おらが駅前通り

駅前住民

菅井恒治

1.ミニ情報
陸前中田駅開設の年は、小生師範卒業後6年、中田校訓導3年目で25才の生真面目な青年であったが、開通を心から喜んだ一人である。当日と前日は高等科生徒をつれ構内清掃と式典場の準備を奉仕したが、当日の行事は全く頭にのこっていないのがさびしく感じられる。
当日の新聞で中田村の発展を祝し、駅開設の主唱者としての若き村会議員加藤金之助を称賛している。彼加藤金之助には有力な指導者として、仙台保線区長の久芳準平氏があり、その情報連絡者としての菅井きんがいた。
久芳準平氏は、東大工科出身で清水小路の鉄道官舎に居住した国鉄内での有力者であった。菅井きんは、金之助の姉で小生の母である。当時小生達は、東三番丁河北新報の東向いの広い屋敷に住んでいた。母は久芳氏と親交があり、家族が時折り訪れると“空気が甘い”と喜ばれ、節々の野菜畑を楽しまれた。この広場で金之助氏は久芳氏に二度面会し、色々と啓蒙されたのである。

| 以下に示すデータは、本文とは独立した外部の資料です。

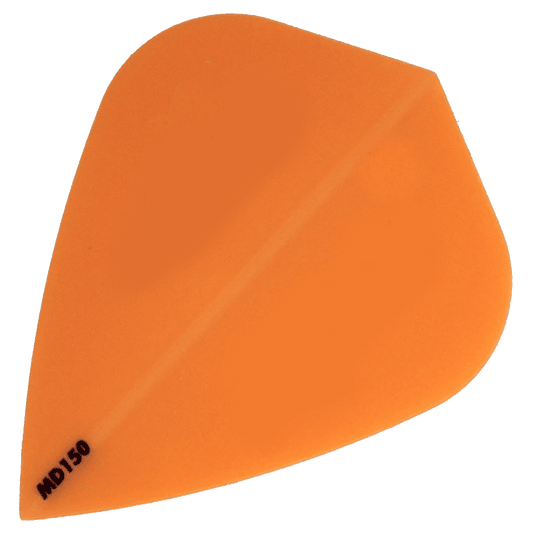 Das Bild zeigt das Produkt "McDart MD150 - Kite Flight", eine orangene Dart-Flugfeder. In der unteren linken Ecke steht die Bezeichnung "MD150".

以後も種々と母きんを通して御指導を頂き、久芳氏の転勤近いある日金之助と村長菅井繁守氏が官舎を訪問し感謝申し上げている。
2.おらが駅前通り
小生が昭和8年駅前通りに居を構えた頃は、南側に鈴木今朝吉、川村タクシー・相原農機具店、飲食店たらふく、松山菓子店・日本通運中田支店と、北側に高橋呉服店・菅井恒治、渡辺源十郎宅が点在して・周囲には田圃でホタルが飛び、小川には小魚の姿が見られ、清流は日常生活にかかせない貴重な水資源であうたのである。

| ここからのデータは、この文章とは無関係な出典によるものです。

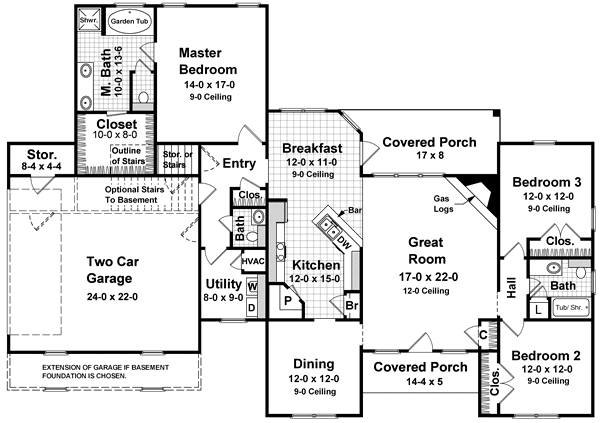 European French Country Ranch Traditional Level One of Plan 59111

現在南側に、鈴木俊一郎、川村タイヤ店、渡辺豆腐店、相原竹二郎、山下公敬、トラヤ、佐竹店、松山幸之丞、北側には今長食堂、柳屋旅館、高橋青果店、相沢商店、菅井美容院、渡辺充崇等が定着している。周辺もすっかり住宅化し面目を一新している。
駅前住民の願望であった側溝も、昭和23年渡辺秀雄氏が仙台市総務局長就任の記念に県直営工事として完成し、更に翌年は渡辺文兵衛氏が仙台市会議員初当選記念に市費450万円で舗装工事が見事に完了した。これと前後して周辺の舗装も護岸工事も水道施設と消火栓、貯水槽の設置も立派に完成した。
3.一日駅長
私は13才から久芳氏を知り、母と叔父の伝達役を果たしこの地で40年も“おらが駅前通り”と守り育てて来た縁故から、開設50周年記念“一日駅長”を拝命し誠に光栄でした。正服姿でホームに立ち、列車の安全を祈り職員各位の苦労に接しては自然と頭が下り、又無事故の表彰状を仰いではその強い責任感に打たれるなど万感こもごも尽きる所を知らなかった。今、構内に立って開設に励んだ各位と努力して下さった方々及び50年間守り育てて来られた先輩各位そして又、当駅に就職した鉄道職員各位に万腔の感謝を捧げ、記念植樹の成長と共に我等の駅の将来への発展を祈念してやみません。